Stored dataset items
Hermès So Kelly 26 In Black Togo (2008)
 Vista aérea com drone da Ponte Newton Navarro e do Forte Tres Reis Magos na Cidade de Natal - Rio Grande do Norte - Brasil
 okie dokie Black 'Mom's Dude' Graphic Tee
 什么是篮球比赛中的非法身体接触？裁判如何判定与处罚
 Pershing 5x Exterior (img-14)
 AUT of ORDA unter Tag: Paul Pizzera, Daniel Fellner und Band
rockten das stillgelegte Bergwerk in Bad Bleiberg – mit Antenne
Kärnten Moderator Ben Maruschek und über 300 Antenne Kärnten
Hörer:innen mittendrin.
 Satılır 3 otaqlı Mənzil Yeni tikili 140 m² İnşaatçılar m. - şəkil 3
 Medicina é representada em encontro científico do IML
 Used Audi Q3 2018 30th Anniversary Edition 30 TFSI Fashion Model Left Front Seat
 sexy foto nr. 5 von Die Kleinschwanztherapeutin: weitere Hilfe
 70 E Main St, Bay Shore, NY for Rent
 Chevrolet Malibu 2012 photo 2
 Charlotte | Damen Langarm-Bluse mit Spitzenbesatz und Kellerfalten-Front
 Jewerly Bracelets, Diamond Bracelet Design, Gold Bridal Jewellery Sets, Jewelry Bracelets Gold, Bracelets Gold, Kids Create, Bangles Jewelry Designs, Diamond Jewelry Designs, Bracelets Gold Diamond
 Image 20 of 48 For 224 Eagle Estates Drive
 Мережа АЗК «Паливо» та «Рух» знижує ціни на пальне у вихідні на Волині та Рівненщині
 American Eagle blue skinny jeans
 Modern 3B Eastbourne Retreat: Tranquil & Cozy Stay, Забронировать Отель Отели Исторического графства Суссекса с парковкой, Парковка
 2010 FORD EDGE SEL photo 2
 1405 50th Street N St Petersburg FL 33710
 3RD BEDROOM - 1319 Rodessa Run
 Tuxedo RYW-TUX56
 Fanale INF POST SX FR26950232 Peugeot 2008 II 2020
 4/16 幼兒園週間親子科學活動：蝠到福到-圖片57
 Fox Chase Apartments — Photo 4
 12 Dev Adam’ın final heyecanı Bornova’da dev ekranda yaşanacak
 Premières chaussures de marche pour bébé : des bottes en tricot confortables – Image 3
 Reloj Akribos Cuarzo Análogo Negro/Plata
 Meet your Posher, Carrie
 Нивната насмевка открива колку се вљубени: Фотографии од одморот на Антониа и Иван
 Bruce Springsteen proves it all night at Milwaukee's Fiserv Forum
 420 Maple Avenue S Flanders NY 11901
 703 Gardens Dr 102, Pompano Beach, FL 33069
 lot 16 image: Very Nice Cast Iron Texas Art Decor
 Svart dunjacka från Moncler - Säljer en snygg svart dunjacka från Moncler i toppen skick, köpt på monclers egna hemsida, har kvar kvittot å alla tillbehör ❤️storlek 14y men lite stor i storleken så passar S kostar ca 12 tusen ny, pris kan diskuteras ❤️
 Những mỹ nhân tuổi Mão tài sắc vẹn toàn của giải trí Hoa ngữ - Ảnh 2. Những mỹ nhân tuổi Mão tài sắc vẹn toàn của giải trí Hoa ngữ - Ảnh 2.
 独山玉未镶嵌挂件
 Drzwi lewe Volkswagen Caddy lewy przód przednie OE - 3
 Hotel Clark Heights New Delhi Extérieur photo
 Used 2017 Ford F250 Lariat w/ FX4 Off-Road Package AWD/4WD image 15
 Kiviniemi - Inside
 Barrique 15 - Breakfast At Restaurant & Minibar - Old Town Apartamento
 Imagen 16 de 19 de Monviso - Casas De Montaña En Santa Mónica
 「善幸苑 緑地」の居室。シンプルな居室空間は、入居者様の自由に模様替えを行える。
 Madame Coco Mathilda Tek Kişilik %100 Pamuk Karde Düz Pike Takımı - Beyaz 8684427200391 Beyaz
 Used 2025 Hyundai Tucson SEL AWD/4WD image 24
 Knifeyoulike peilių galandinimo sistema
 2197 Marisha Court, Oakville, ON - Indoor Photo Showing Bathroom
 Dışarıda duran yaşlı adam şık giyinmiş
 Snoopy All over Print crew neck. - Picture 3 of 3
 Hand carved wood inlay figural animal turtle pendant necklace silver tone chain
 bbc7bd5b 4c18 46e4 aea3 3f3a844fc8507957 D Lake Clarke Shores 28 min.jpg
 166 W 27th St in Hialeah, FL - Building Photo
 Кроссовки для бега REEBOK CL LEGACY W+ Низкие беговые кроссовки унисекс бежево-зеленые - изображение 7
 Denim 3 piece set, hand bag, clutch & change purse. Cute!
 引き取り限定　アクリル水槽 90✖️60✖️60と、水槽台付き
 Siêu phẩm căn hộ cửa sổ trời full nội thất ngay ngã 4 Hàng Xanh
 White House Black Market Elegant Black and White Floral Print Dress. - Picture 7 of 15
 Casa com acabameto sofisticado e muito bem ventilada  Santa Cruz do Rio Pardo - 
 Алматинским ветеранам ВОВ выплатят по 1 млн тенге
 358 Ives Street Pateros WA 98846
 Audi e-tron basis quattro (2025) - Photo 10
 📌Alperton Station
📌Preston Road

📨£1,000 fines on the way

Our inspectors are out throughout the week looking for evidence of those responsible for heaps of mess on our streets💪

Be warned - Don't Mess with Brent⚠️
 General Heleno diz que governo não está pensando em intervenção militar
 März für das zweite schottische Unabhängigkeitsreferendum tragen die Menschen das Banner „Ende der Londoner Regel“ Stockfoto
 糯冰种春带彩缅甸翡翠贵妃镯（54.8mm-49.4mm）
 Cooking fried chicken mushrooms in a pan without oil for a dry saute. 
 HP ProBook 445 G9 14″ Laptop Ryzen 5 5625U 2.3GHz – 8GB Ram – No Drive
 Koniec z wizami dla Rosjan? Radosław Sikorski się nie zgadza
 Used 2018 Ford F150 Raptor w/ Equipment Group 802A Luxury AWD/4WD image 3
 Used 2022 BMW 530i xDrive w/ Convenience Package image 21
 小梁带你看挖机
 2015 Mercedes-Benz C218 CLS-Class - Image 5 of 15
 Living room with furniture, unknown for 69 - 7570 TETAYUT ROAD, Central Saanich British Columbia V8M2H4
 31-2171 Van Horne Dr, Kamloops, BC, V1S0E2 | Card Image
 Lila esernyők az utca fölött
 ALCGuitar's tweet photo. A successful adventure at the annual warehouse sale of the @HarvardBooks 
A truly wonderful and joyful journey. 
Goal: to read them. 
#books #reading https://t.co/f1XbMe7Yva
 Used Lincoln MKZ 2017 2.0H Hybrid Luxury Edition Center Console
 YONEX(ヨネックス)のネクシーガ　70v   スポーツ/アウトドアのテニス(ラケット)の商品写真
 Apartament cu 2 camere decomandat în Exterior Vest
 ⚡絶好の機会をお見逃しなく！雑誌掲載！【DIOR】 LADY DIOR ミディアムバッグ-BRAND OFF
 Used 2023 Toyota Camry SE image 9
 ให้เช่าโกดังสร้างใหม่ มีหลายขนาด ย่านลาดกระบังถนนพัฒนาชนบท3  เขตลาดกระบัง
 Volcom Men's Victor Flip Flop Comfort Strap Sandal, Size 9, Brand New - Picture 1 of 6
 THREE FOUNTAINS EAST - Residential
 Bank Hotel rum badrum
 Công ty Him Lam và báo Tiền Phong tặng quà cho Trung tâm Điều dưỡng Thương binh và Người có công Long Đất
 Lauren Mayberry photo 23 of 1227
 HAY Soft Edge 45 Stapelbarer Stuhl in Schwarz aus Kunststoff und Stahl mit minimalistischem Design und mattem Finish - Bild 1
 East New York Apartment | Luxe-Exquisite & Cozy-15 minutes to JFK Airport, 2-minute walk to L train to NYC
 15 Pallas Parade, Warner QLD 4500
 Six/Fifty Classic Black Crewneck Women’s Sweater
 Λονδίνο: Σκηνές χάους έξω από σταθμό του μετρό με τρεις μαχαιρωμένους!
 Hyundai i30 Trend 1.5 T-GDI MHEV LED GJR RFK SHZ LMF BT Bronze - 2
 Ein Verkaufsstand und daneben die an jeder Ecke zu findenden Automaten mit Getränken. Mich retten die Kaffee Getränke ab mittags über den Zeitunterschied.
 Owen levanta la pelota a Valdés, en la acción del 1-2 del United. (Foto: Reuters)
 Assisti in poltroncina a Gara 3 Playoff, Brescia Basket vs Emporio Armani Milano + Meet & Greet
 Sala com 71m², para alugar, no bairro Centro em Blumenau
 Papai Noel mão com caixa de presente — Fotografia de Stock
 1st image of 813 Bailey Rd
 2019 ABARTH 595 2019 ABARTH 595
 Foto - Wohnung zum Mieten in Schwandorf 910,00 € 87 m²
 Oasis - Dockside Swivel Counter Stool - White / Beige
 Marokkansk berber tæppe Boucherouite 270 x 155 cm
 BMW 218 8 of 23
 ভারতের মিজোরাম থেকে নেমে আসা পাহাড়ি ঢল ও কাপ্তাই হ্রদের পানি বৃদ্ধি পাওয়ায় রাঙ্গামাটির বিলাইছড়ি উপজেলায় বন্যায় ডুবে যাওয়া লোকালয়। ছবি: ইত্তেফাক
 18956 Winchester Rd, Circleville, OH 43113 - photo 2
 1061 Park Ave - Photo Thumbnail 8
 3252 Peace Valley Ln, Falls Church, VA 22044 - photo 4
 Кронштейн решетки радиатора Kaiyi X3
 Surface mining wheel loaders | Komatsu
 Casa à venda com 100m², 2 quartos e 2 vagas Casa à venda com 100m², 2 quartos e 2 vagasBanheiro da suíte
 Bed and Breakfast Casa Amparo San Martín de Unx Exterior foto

### EXERCISE AIM
Taking the entries above, print exactly the lines starting at the line with "HAY Soft Edge" and ending at the line with "BMW 218 8 of 23", both included.

### SOLUTION TO THE PROBLEM
 HAY Soft Edge 45 Stapelbarer Stuhl in Schwarz aus Kunststoff und Stahl mit minimalistischem Design und mattem Finish - Bild 1
 East New York Apartment | Luxe-Exquisite & Cozy-15 minutes to JFK Airport, 2-minute walk to L train to NYC
 15 Pallas Parade, Warner QLD 4500
 Six/Fifty Classic Black Crewneck Women’s Sweater
 Λονδίνο: Σκηνές χάους έξω από σταθμό του μετρό με τρεις μαχαιρωμένους!
 Hyundai i30 Trend 1.5 T-GDI MHEV LED GJR RFK SHZ LMF BT Bronze - 2
 Ein Verkaufsstand und daneben die an jeder Ecke zu findenden Automaten mit Getränken. Mich retten die Kaffee Getränke ab mittags über den Zeitunterschied.
 Owen levanta la pelota a Valdés, en la acción del 1-2 del United. (Foto: Reuters)
 Assisti in poltroncina a Gara 3 Playoff, Brescia Basket vs Emporio Armani Milano + Meet & Greet
 Sala com 71m², para alugar, no bairro Centro em Blumenau
 Papai Noel mão com caixa de presente — Fotografia de Stock
 1st image of 813 Bailey Rd
 2019 ABARTH 595 2019 ABARTH 595
 Foto - Wohnung zum Mieten in Schwandorf 910,00 € 87 m²
 Oasis - Dockside Swivel Counter Stool - White / Beige
 Marokkansk berber tæppe Boucherouite 270 x 155 cm
 BMW 218 8 of 23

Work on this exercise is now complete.